A lucky ticket-holder won the record-breaking Mega Millions jackpot of about $1.6 billion in Tuesday night’s drawing, lottery officials said. The winning numbers — 5, 28, 62, 65, 70 and Mega Ball 5 — matched a ticket bought in South Carolina, according to Mega Millions official.

But that leaves plenty of lottery losers who won’t see a return on their Mega Millions investment. That’s money, many would argue, that could have been better invested.

Americans spend a lot of money playing the lottery. Approximately 370 million lottery tickets were sold between Saturday and Tuesday before the Mega Millions drawing, according to a lottery official. The U.S. generated nearly $73 billion in lottery sales in 2016 and CNN reports that in 2017, U.S. residents spent about $73.5 billion on tickets. The average American spends about $223.04 per year on lottery tickets, loan marketplace LendEDU found in a report that calculated its average by dividing the 2016 lottery revenue by the U.S. population (325.7 million).

How much a person earns from the lottery depends on many factors, including the odds of the lottery and the number of tickets they bought. While a $2 lottery ticket could represent the chance for an instantaneous life of luxury, the chances of winning millions in a jackpot are pretty low. In fact, lottery officials in recent years changed the odds to lessen the chance of winning, leading to higher and higher jackpots like this Mega Millions.

But could investing the money that normally goes toward lottery tickets still make a person rich?

According to some financial experts, such a scenario is possible. Although it’s unlikely to make anyone a multi-millionaire, investing lottery ticket funds could yield tens to hundreds of thousands of dollars later in life.
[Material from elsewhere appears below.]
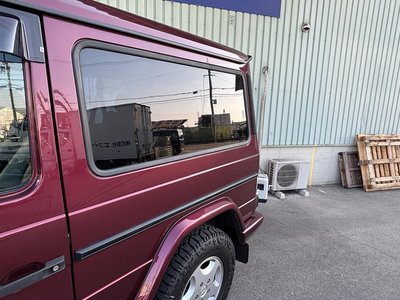 1998 Mercedes-BENZ G-CLASS photo 10
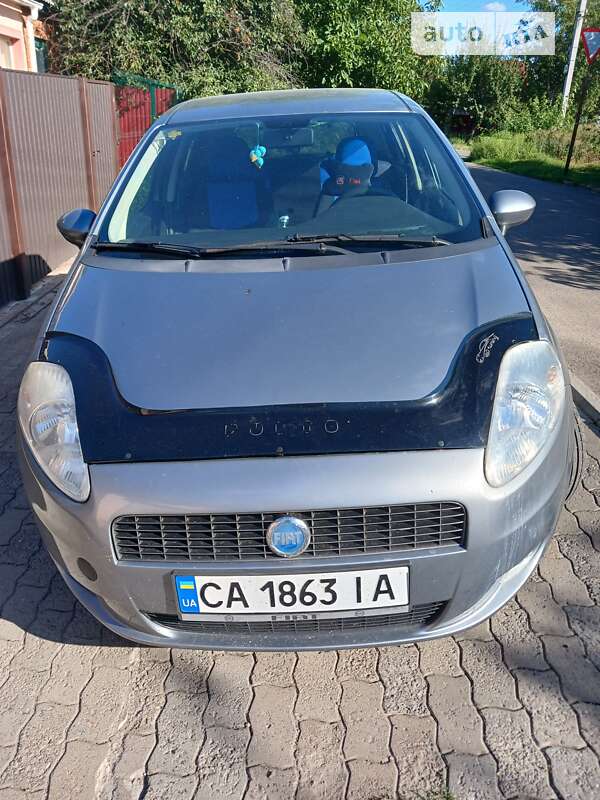 2006 fiat grande punto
Jeanne Fisher, a senior financial advisor at ARGI and CFP Board ambassador, says putting the $223.04 a year that would normally go toward a lottery ticket into an S&P 500 index fund could give a person about $259,000 at the end of 50 years, assuming they get a 10% return, which has historically been the market average. Invest that money into a 30-year treasury note and earn back about $86,145 at the end of 50 years.

A person can even put the money into a CD, a savings account with an interest rate where you can deposit money for a predetermined amount of time, which is statistically much more likely to bring in more money than a lottery ticket, says Bill Wilson, a Wall Street veteran who spent more than 30 years in the financial services industry. If you put $18.59, or the average amount people spend monthly on lottery tickets, into a CD that pays a 2% return, you could earn about $1,174 in five years, Wilson says.

Of course, the buzz around the $1.6 billion Mega Millions jackpot led plenty of people to buy tickets even when they normally would use their money for other things. According to a 2016 Gallup poll, about half of Americans play lotteries in their state. Lottery tickets are also most frequently purchased among lower-income households. Households at the lowest-income bracket spend about $412 a year on lottery tickets, which is about four times the amount that highest-earning households say they spend, a 2018 Bankrate report finds.

Fisher said most Americans probably spend somewhere around $10 a year on lottery tickets when jackpots get bigger.

“The reason the lottery gets so much excitement is because the average American is willing to risk $2 for the chance of hundreds of millions of dollars,” she says. “This is a game, even if you know the chances of winning aren’t that high.”

Wilson concurs. A person can absolutely put their money in a diversified portfolio and earn an average of 7% on it every year, he says. “But there’s a degree of entertainment in purchasing a lottery ticket. It’s entertaining.”

Correction, Oct. 25.

The original version of this story misstated the name of the company ARGI. It is ARGI, not Agri.